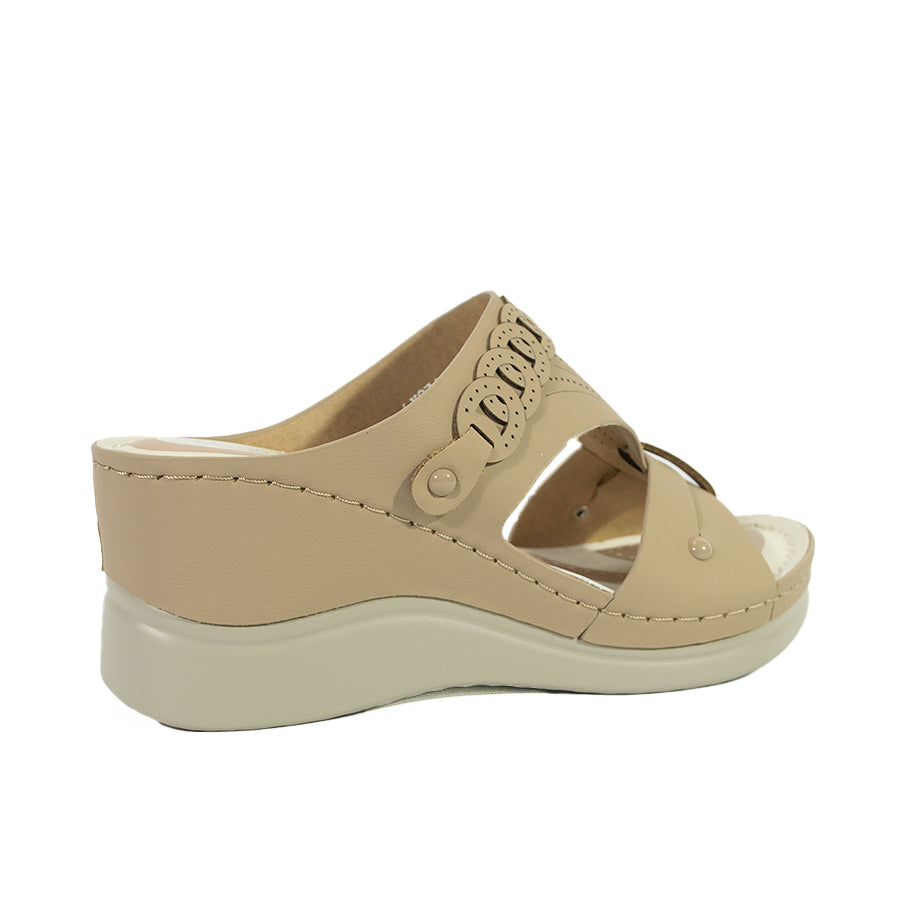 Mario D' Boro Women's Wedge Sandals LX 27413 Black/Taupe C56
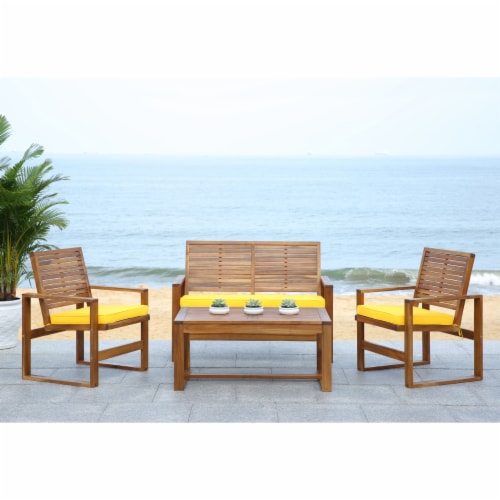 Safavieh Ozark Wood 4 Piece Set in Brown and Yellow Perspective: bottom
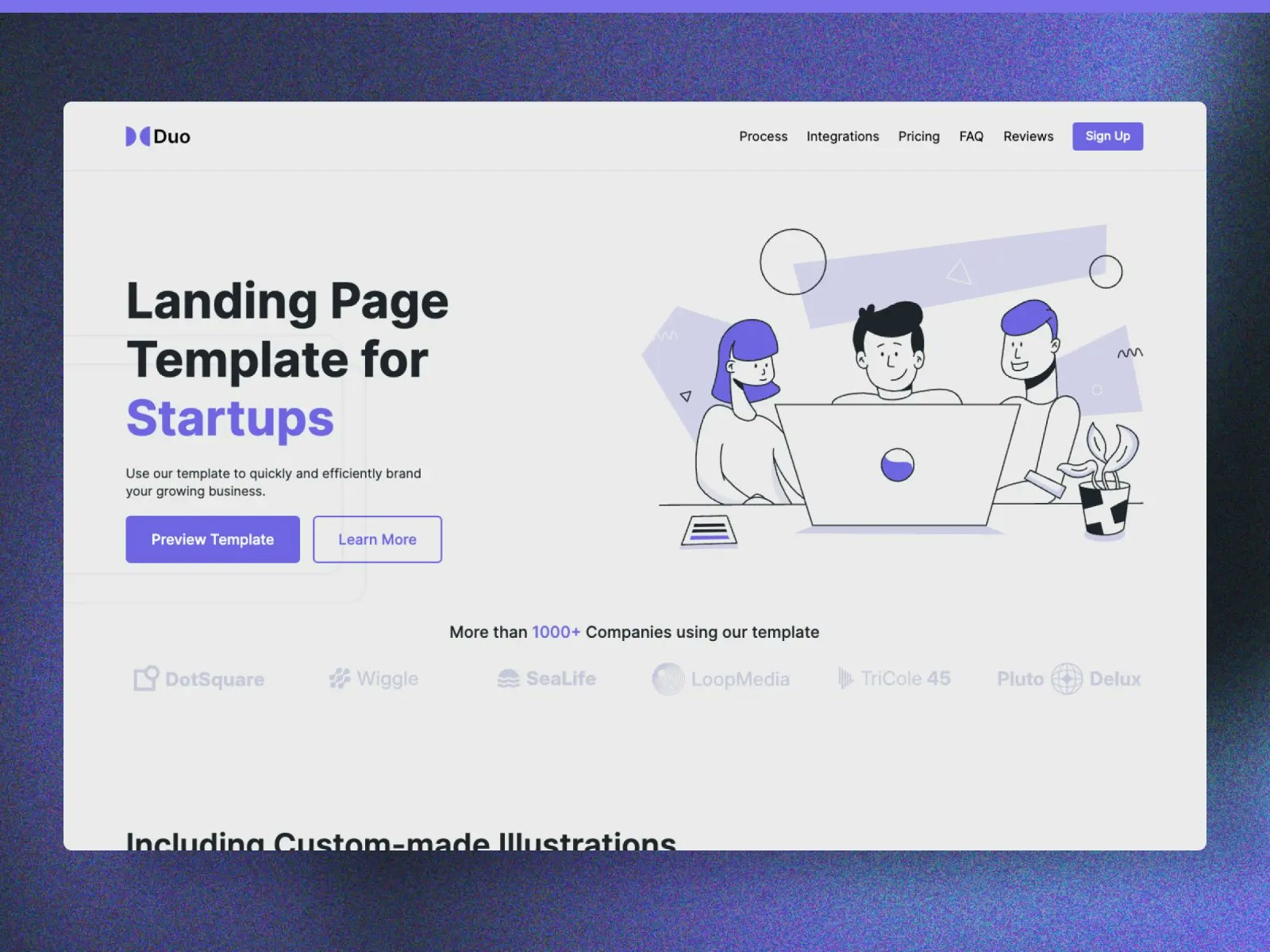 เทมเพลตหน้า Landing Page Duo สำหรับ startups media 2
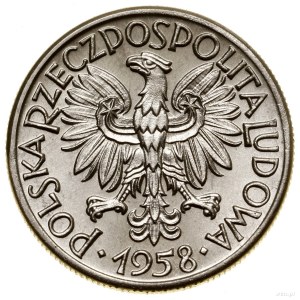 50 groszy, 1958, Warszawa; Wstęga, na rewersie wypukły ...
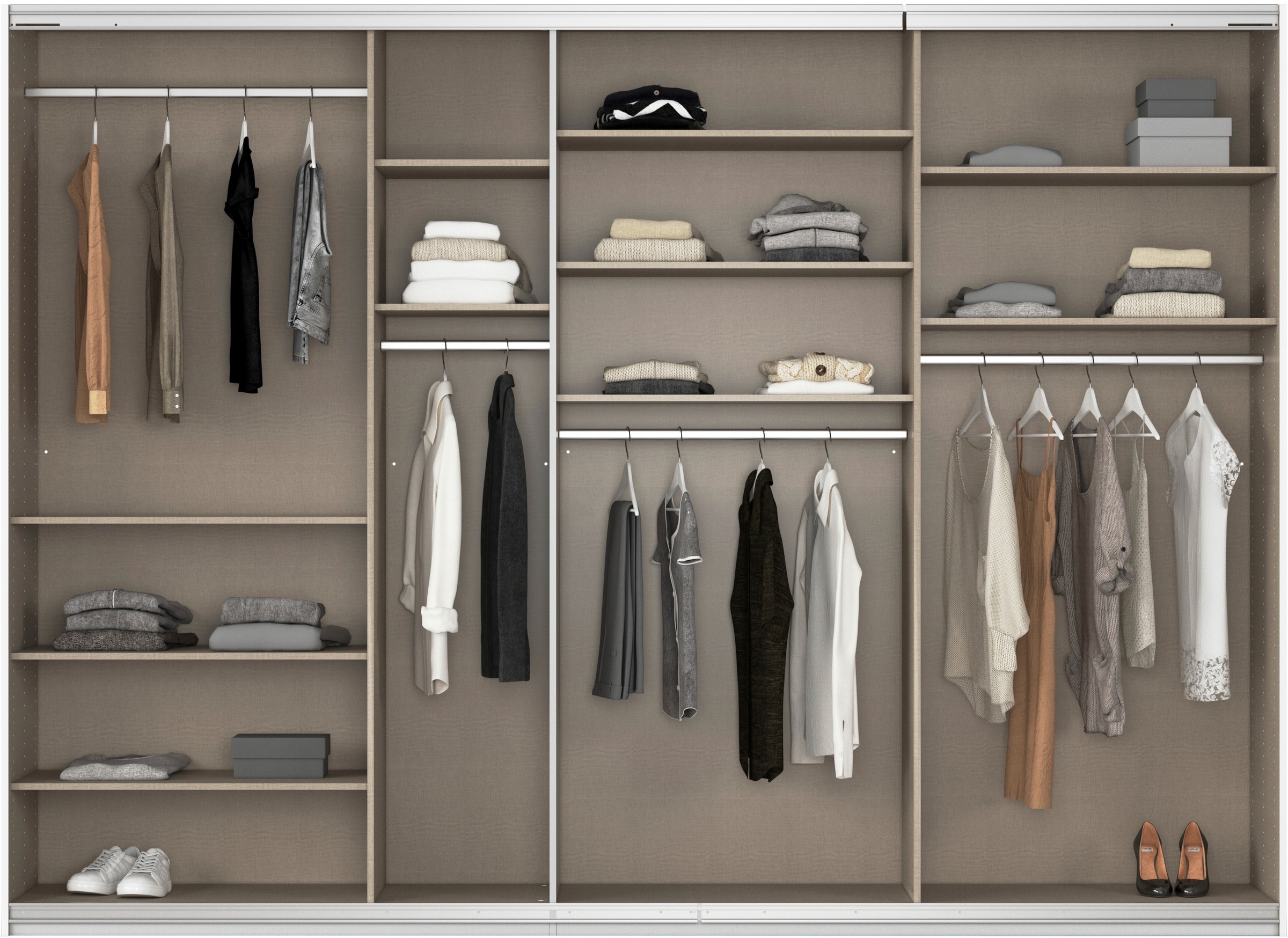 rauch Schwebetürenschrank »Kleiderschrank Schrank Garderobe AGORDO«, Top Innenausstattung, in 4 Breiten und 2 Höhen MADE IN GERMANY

━━━━━━━━━━━━━━━━

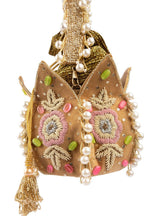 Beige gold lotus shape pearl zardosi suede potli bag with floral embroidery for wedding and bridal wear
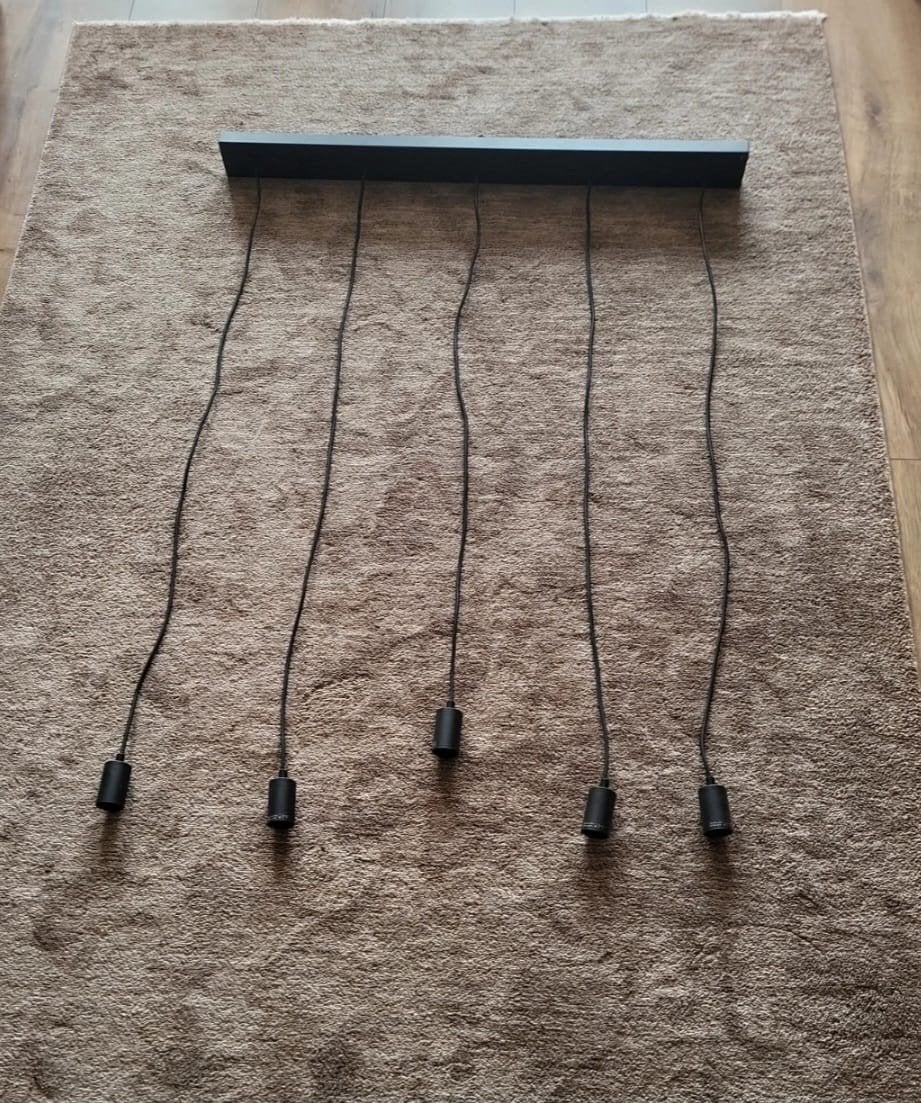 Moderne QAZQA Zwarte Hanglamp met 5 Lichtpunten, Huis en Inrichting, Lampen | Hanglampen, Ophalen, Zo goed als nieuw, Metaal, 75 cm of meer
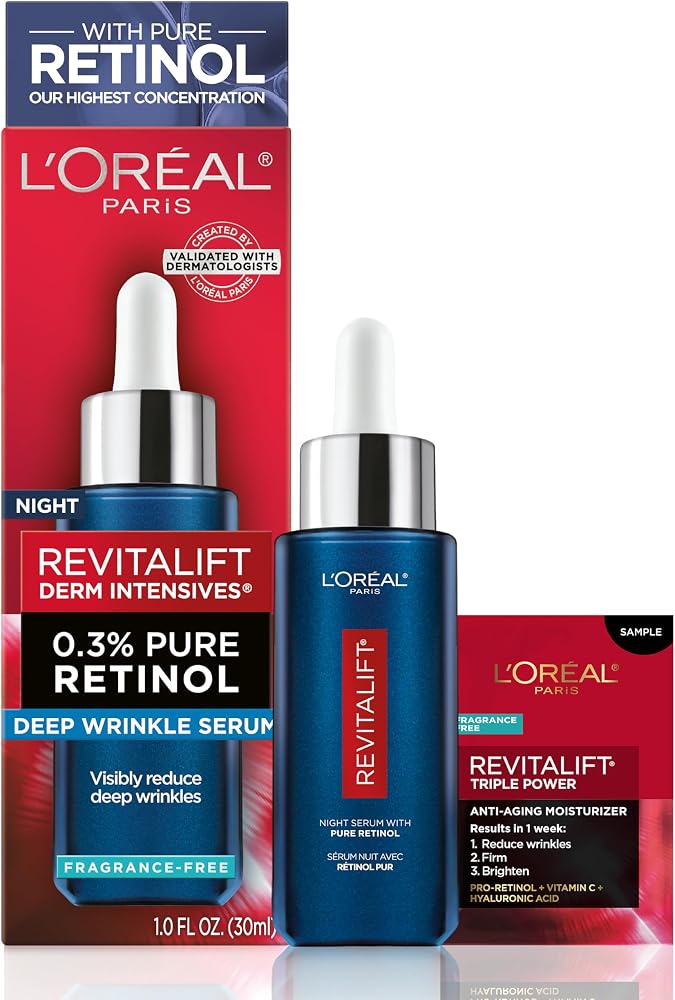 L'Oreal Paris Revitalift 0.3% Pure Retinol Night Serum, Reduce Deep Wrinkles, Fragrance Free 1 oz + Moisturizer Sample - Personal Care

━━━━━━━━━━━━━━━━

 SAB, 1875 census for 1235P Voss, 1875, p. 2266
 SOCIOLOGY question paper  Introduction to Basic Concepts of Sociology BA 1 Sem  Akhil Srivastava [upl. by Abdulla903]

━━━━━━━━━━━━━━━━

• _What you will do_
Within the data above, the span starting at the line containing "SAB, 1875 census" and ending at the line containing "SOCIOLOGY question paper" is to be retyped exactly, with no other lines.

• _Your solution_
 SAB, 1875 census for 1235P Voss, 1875, p. 2266
 SOCIOLOGY question paper  Introduction to Basic Concepts of Sociology BA 1 Sem  Akhil Srivastava [upl. by Abdulla903]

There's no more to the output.